Johnson also helped reestablish the Tau Alpha Pi Chapter of Texas A&M as its faculty advisor and went on to lead the Tau Alpha Pi National Board as 2014-2018 President. He continues to serve as a Board Member for the national honor society for engineering technology.
Becoming a Program Evaluator
After earning tenure, Johnson was looking for other ways to contribute to the university. Having been told, “We can’t do that because ABET won’t let us,” one too many times during faculty meetings, he set out to learn more about the organization.
“I thought understanding ABET would be beneficial to helping the next time we had an accreditation visit,” explained Johnson. “But also, what is it about this organization that limits us in our curriculum? Spoiler alert: it’s not ABET that prevents you from doing things.”

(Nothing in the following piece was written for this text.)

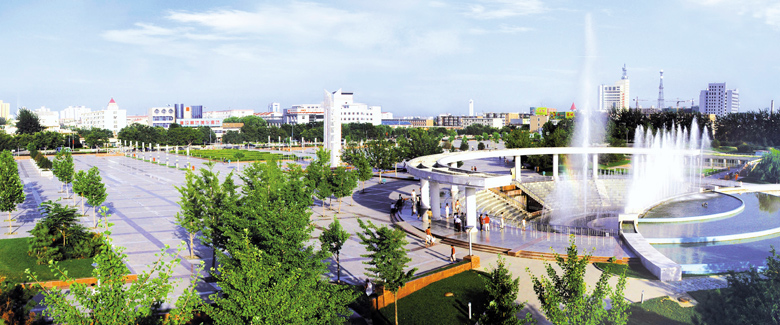 �ȷ��r(sh��)���V��(ch��ng)�³�ʽˮĻ�Ӱ����(ch��ng)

Johnson was shepherded through the process of becoming an ABET Program Evaluator by his colleague and longtime ABET Expert Walter Buchanan. Johnson became a program evaluator for the American Society of Mechanical Engineers (ASME) and SME (formerly known as the Society of Manufacturing Engineers) in 2014. He joined ETAC as a Commissioner and Team Chair in 2018 and currently serves on the ETAC Criteria and Quality Committees. In addition to ABET member societies ASEE, ASME and SME, Johnson is also a member of the Institute of Electrical and Electronics Engineers (IEEE).
Despite a full schedule of leadership positions at work and in his professional societies, Johnson still finds time to coach his sons’ flag football, basketball and soccer teams. He is also a FIRST® LEGO® League (FLL) coach for his sons’ team. FLL introduces science, technology, engineering and math (STEM) to children through hands-on learning. Teams of students engage in research, problem-solving, coding and engineering while building and programming a LEGO robot and then competing with other teams at the local, regional and national levels.
“The main thing I have to do is to step back and let the kids do it. And that requires a fair amount of discipline,” chuckled Johnson. “It’s the kids’ thing. I’m just here to provide guidance and help.”
From coaching children through building a Lego robot to developing undergraduate courses and lab activities for engineering technology and industrial distribution, Johnson finds experiential learning opportunities for students at every level. His own experiences led him to become an advocate for hands-on learning. His dedication and many contributions have been felt by his community, his university and his professional societies. Johnson will undoubtedly continue to make a positive impact on the field for years to come.